Wohl was publicly cagey about his involvement in Surefire or the plot generally. But Burkman freely told Hill Reporter that “Surefire is a real company” run by “Jacob Wohl.” And after journalists and online researchers got to work, it started to look like Surefire was … Jacob Wohl, and only Jacob Wohl.

So, it looks like Surefire is essentially Better Call Saul’s Jimmy McGill doing a series of different voices over the phone to convince prosecutors that a whole church congregation supports his client. It is not clear if Burkman, who insisted Surefire was “real,” is also being tricked, or if he is a willing participant in this scam.

Nonetheless, on Tuesday afternoon, the far-right conspiracist website Gateway Pundit, for which Wohl writes, posted a heavily redacted document making a rape allegation against Mueller. The name of the document’s author was blacked out, but it used a slogan that was also on the Surefire website. Then, after much Twitter mockery, Gateway Pundit’s Jim Hoft took the document down and said he was “looking into” the “serious allegations against Jacob Wohl.”

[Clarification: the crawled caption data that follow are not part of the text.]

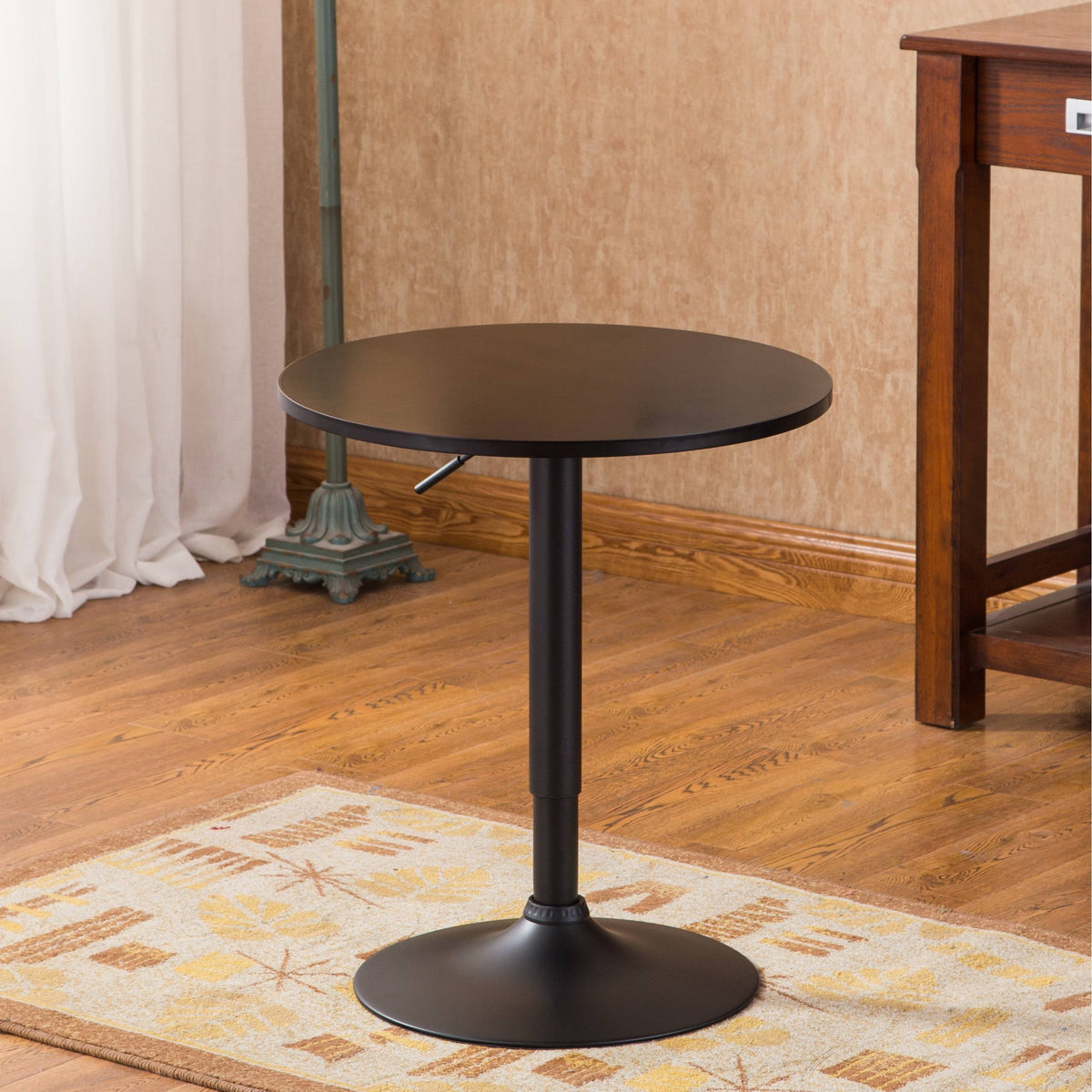 Black Round Adjustable Height Metal Bar Table Y5187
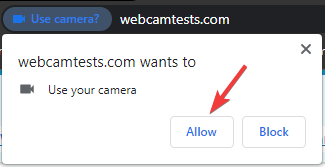 Permitir el acceso a la cámara web de prueba de cámara en Windows 10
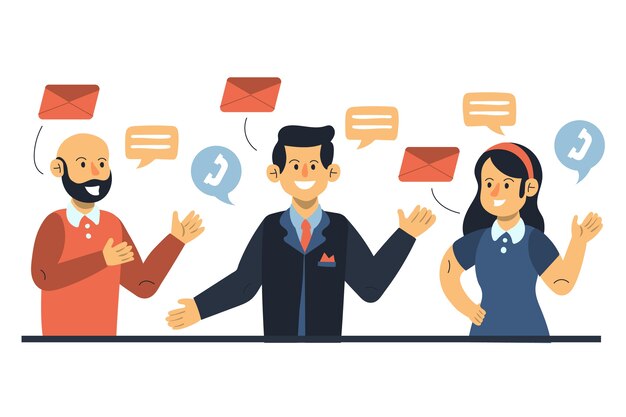Dibujado a mano ilustración comunicación empresarial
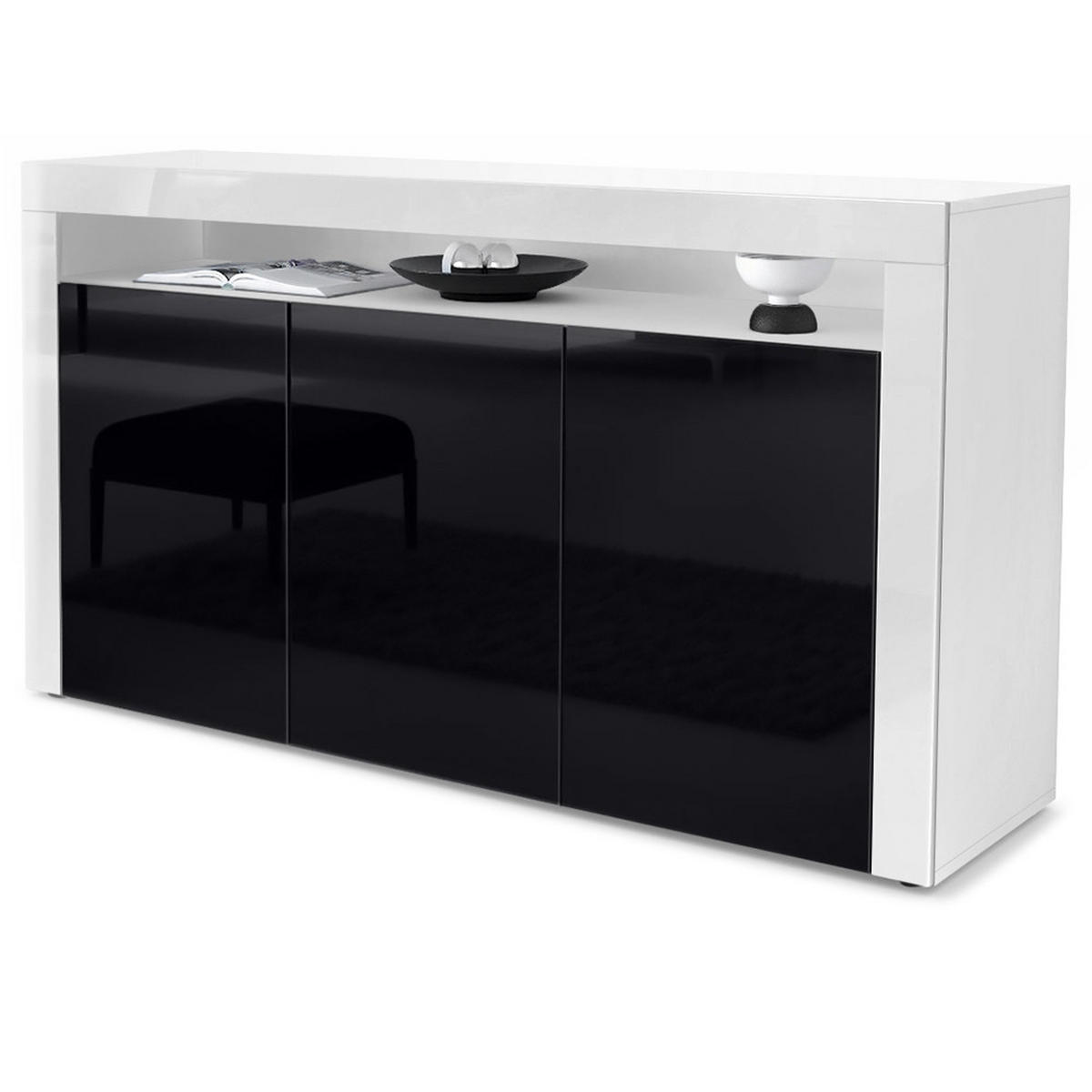 SIDEBOARD Valencia Schwarz Hochglanz / Weiß Hochglanz - Schwarz Hochglanz, Holzwerkstoff (155/92/40cm) - Vladon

Now, it’s in the FBI’s hands. “When we learned last week of allegations that women were offered money to make false claims about the Special Counsel, we immediately referred the matter to the FBI for investigation,” Mueller’s spokesperson said in a statement Tuesday.

If this is just trolling, then it sort of worked

Wohl may end up being the ultimate loser in this scenario, depending on what the FBI finds. But if the purpose of the scam was as much to troll journalists as to smear Mueller and the investigation, then in a way, he’s already won.

Yes, Mueller’s office commented on the allegations and “made news” by saying they’d referred the allegations to the FBI. Still, NBC News, the Atlantic, the Daily Beast, BuzzFeed News, the New York Times, and several other media outlets (including, now, Vox) wrote articles about this nonsense — if only to debunk Wohl’s claims. By doing so, they devoted scarce journalistic resources to this topic rather than others, just days before the midterm elections.

Burkman still claims that this Thursday he will reveal “the first” of Mueller’s victims at a press conference. If this is anything like his previous hyped press conferences, it will be a dud. But if on some level trolls just want to steal the spotlight and change the subject, then the plan succeeded.